- **Assignment**:
For the data below, transcribe the part that opens with the line containing "Arcoroc Serving Bowl" and closes with the line containing "Midnight marble wallpaper", exactly and with no pictures.

- **Supplied data**:

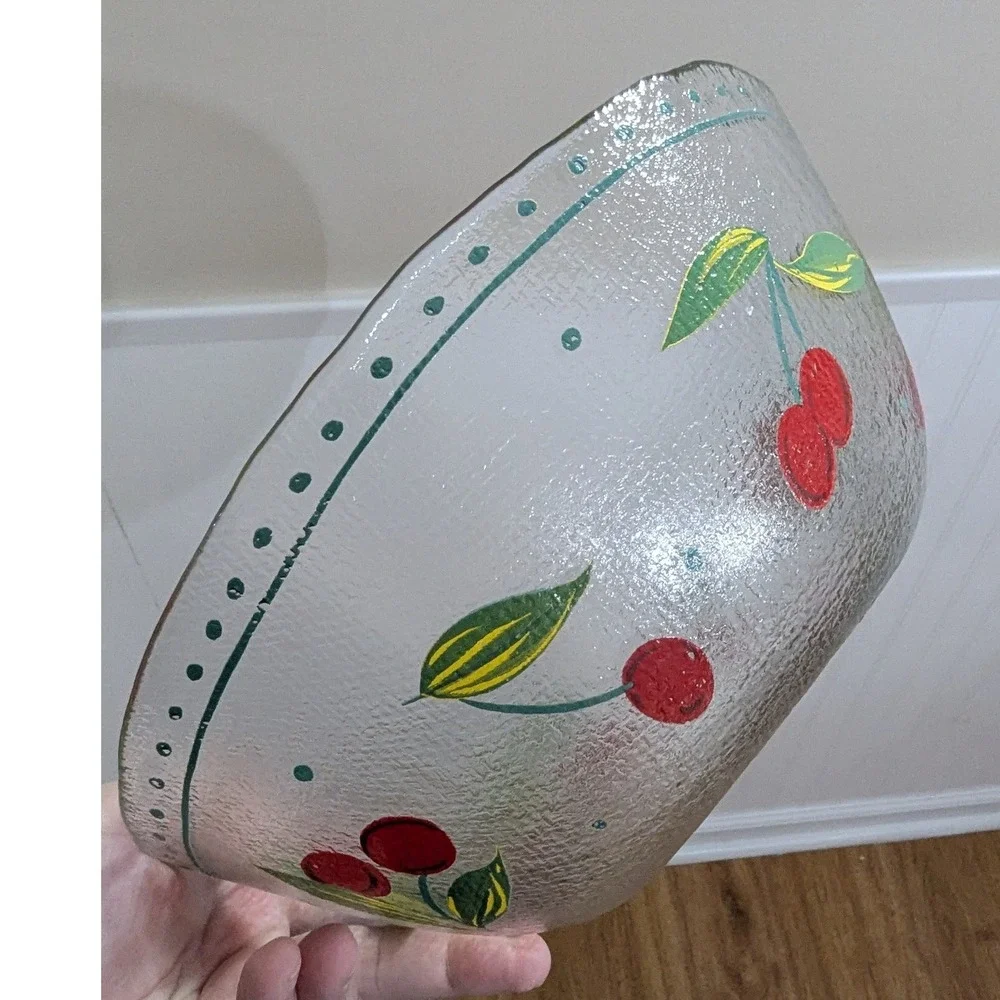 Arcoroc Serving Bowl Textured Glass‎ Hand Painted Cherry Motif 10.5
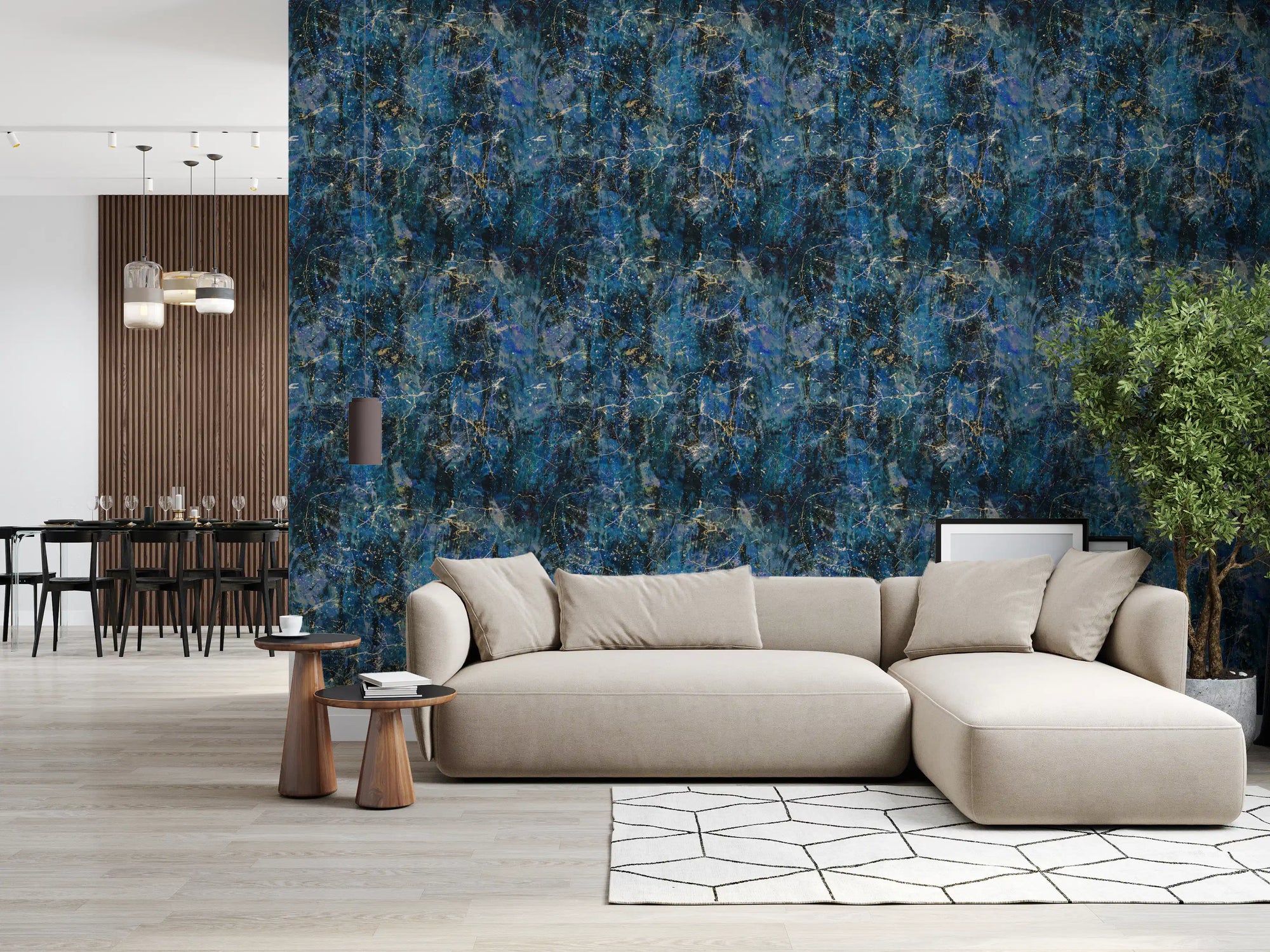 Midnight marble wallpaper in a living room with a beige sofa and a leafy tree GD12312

---

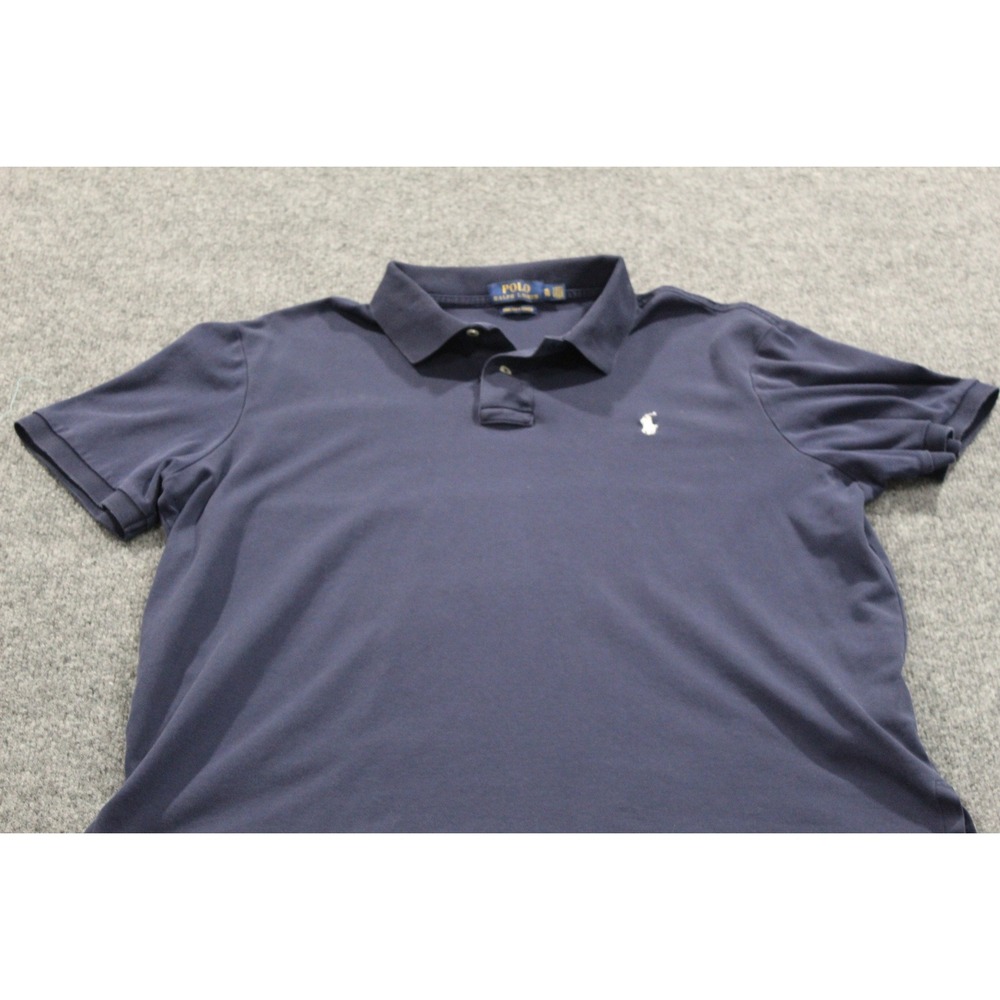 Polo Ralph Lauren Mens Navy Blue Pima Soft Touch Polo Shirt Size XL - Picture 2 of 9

- **Result**:
 Arcoroc Serving Bowl Textured Glass‎ Hand Painted Cherry Motif 10.5
 Midnight marble wallpaper in a living room with a beige sofa and a leafy tree GD12312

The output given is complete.